By this system abuses were controlled: no one could draw supplies from two or more stations, nor two or three times on the same day from the same station, nor for more persons than he represented; able-bodied men, for whom by this time there was abundant opportunity of employment, could be cut off; and at the expiration of the ten-day period the merits of the case could be reviewed before granting a renewal of the food card.

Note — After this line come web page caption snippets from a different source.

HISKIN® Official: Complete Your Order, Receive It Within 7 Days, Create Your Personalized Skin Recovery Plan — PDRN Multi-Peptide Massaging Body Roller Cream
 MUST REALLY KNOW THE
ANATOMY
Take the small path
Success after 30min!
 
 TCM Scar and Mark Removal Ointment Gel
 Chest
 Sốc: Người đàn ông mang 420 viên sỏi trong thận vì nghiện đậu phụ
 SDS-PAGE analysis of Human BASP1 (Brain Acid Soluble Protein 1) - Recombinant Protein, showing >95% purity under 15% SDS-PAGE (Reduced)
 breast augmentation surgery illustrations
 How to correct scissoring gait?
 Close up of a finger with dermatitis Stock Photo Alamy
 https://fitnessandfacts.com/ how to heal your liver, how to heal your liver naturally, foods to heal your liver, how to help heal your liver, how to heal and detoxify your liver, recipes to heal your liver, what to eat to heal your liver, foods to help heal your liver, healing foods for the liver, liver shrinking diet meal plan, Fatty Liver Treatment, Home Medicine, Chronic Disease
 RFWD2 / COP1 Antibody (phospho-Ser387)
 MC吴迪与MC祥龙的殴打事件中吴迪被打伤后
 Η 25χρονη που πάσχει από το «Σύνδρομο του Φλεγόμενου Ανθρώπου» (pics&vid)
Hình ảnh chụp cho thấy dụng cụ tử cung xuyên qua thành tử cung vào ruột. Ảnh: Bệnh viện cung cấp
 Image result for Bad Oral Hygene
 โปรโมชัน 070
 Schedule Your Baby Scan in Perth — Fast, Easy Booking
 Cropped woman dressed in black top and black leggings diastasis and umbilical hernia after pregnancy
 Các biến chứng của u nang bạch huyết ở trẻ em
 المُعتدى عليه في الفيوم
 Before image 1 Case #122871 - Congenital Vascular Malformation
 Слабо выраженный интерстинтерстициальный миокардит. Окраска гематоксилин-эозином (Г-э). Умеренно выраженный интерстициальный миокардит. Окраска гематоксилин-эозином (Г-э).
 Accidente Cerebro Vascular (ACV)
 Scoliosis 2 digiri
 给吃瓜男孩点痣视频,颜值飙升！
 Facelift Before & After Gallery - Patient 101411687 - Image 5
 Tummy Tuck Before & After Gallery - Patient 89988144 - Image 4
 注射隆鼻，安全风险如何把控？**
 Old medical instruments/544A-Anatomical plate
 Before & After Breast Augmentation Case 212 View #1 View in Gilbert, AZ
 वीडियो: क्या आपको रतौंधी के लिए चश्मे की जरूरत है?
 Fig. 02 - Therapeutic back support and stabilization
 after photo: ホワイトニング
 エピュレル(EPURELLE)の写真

It was through its success in establishing a uniform and workable system of food distribution that the first registration was most valuable. It did not prove to be of much service in aiding applicants to find employment, in giving a record of the entire work of relief, or in furnishing a basis for the rehabilitation work. That it failed in realizing all that was hoped from it in these directions was due partly to changes in the labor situation, which soon made efforts to supply employment superfluous;partly to some ambiguity and lack of definiteness in the headings on the card, and the omission of some essential items; but chiefly to the many omissions on the part of the enumerators, the lack of uniformity in their interpretation of the headings on the card, and the large amount of carelessness they exhibited in recording the information that was secured. The inexperience of the enumerators in investigation, the immense difficulty of supervising them adequately when the automobile and the wagon were the only means of transportation between the far-scattered stations, and the necessity for getting the whole work done as speedily as possible, so that there was no time for correcting mistakes or training investigators, are the simple explanations of these defects.

If all the circumstances are taken into consideration—the number of persons affected by the disaster, the extent of the territory to be covered, the difficulty of getting about, the confusion which still existed among the many elements of the relief organization, and the inexperience in relief work of those who made the registration, both university professors and public school teachers—the results obtained were surprisingly satisfactory. The registration would have justified itself if it had done nothing more than systematize the food distribution and contribute toward the reduction of the bread lines. This it undoubtedly did.

An indication of the effectiveness of the first registration, as may be seen inTable 11,[55]is the sudden drop in the number of persons who received rations after May 12, a decrease of 21 per cent on that day against an average daily decrease for the five preceding days of slightly over 7 per cent. The marked drop of May 16 is, however, in part due to the stimulation to self-help caused by putting into effect the order that rations should be issued only three times a week. The general use of the food card was an important factor in bringing about the reduction; another, the rapid increase in the number of persons gaining self-support. One special use to which the so-called first registration was put was to determine who should receive special diet. The diet included meat, fresh milk, butter and eggs, vegetables, and fruit, and was prepared for the sick, the aged, and for mothers with infants. The method of its distribution varied in the different sections and from time totime, but the policy was to subject its distribution to more direct control from the central office than the ordinary rations. Issues of special diet were not finally discontinued until October 1, a few days before the closing of the last kitchen.